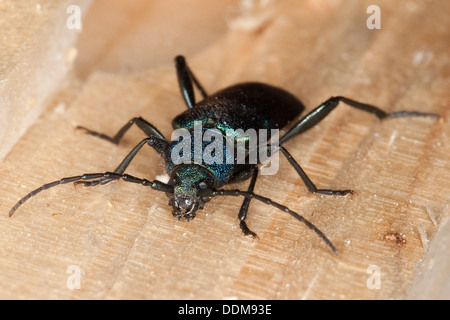 Violet Eichenlohehaufen Käfer, Callidium Violaceum, Blauvioletter Scheibenbock, Veilchenbock, Blauer Scheibenbock, Scheibenbockkäfer Stockfoto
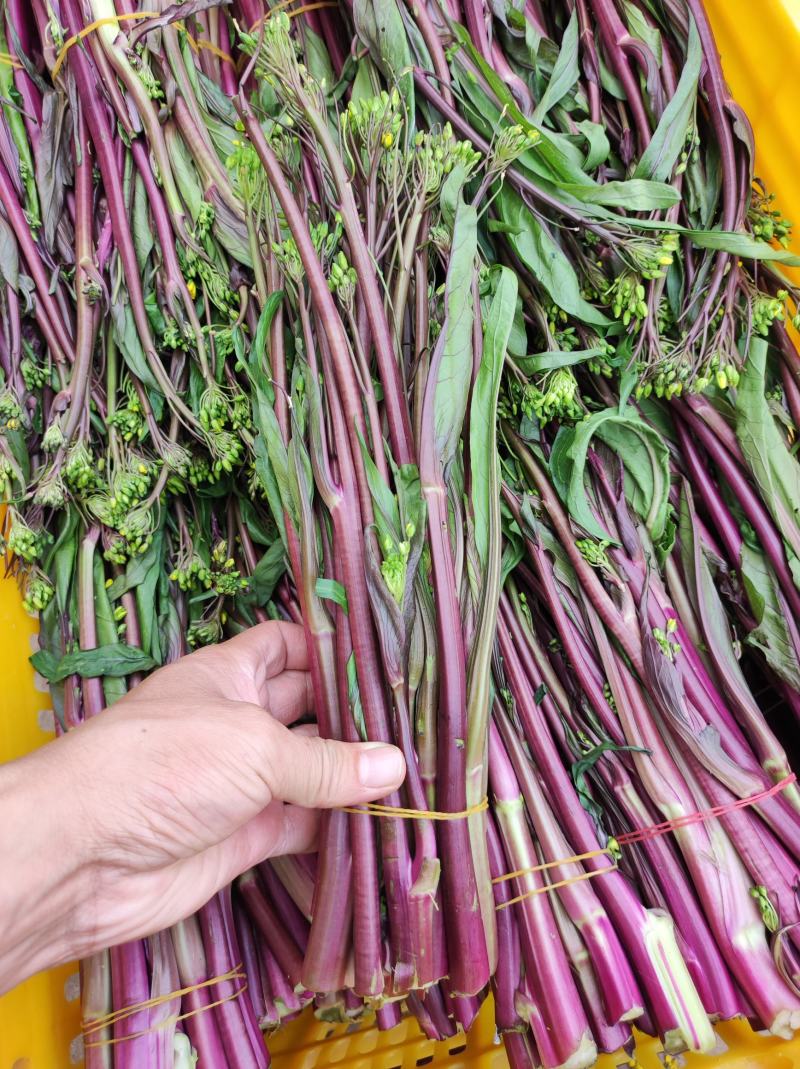 湖北红菜苔大量上市，可整车，可多品配货，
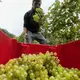 Wein von Rothmund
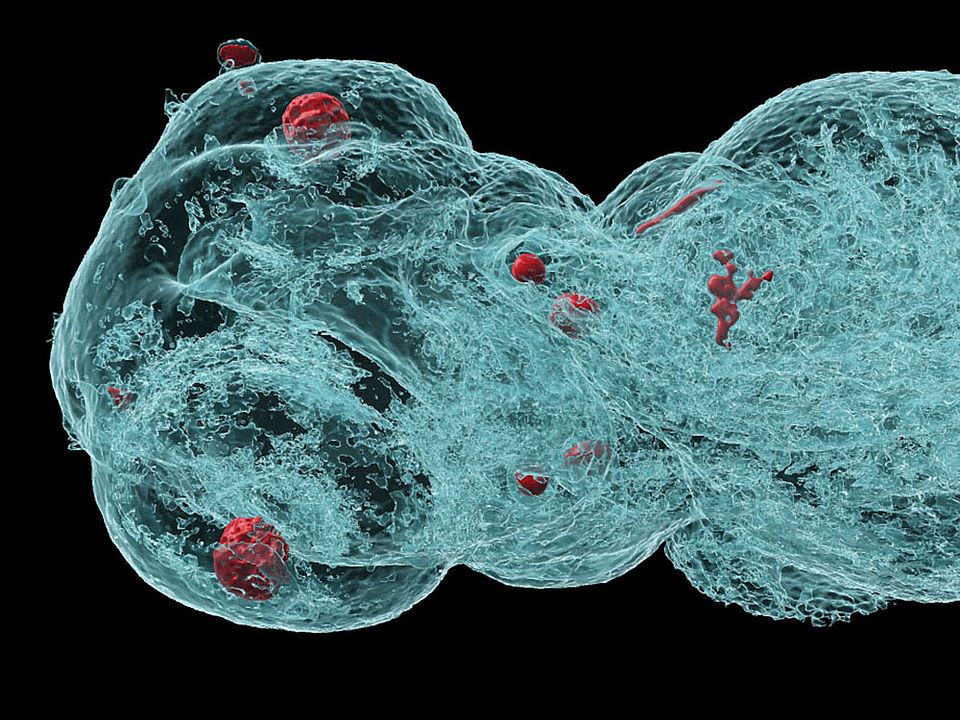 Head of a zebrafish embryo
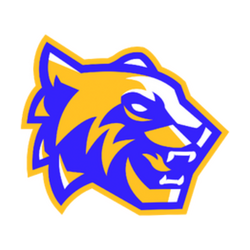 SDM Tigres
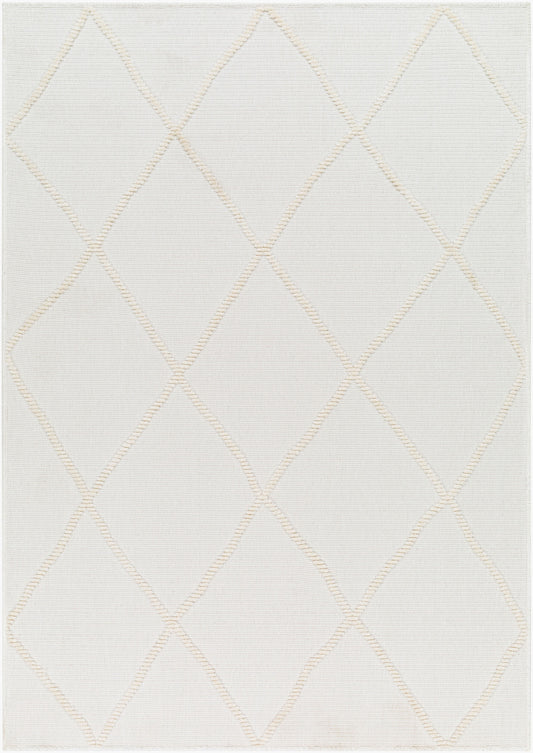 Lyna LYA-2303 5' x 7' Machine Woven Washable Area Rug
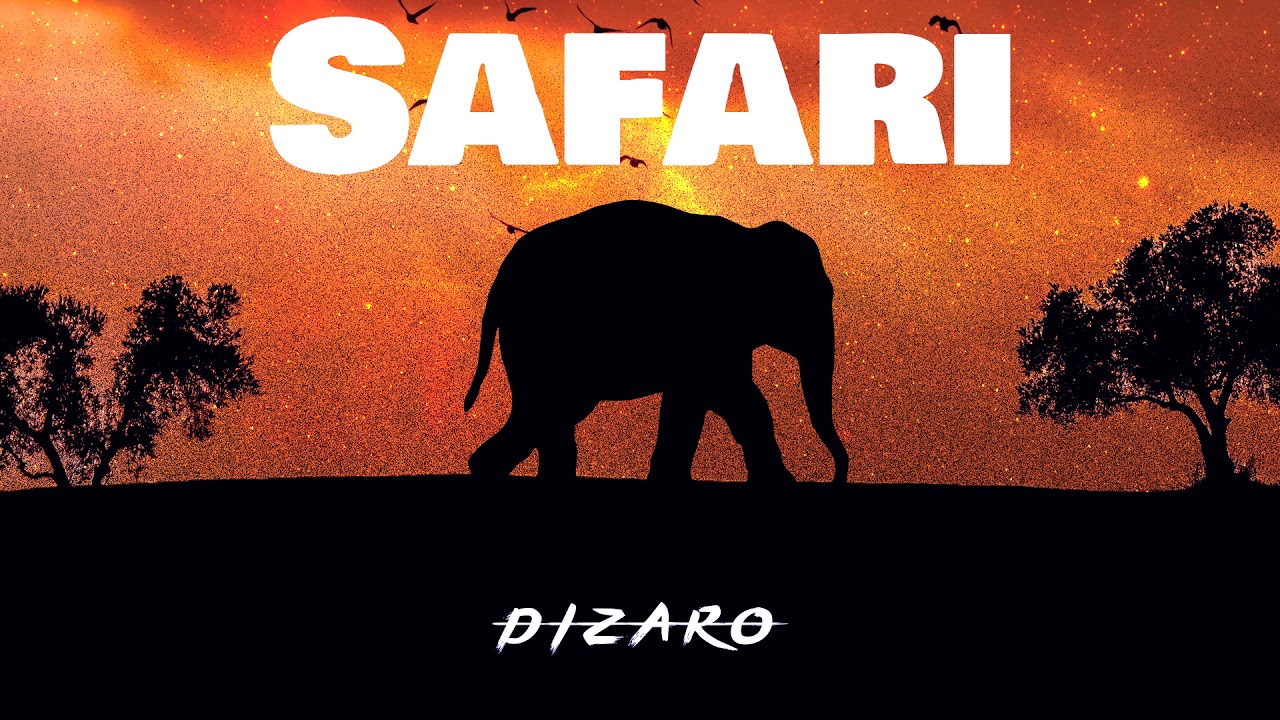 Dizaro   Safari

*EXERCISE DIRECTIONS:* What I need is every record written out exactly, minus the pictures.

*SOLUTION FOR THIS EXERCISE:*
 Violet Eichenlohehaufen Käfer, Callidium Violaceum, Blauvioletter Scheibenbock, Veilchenbock, Blauer Scheibenbock, Scheibenbockkäfer Stockfoto
 湖北红菜苔大量上市，可整车，可多品配货，
 Wein von Rothmund
 Head of a zebrafish embryo
 SDM Tigres
 Lyna LYA-2303 5' x 7' Machine Woven Washable Area Rug
 Dizaro   Safari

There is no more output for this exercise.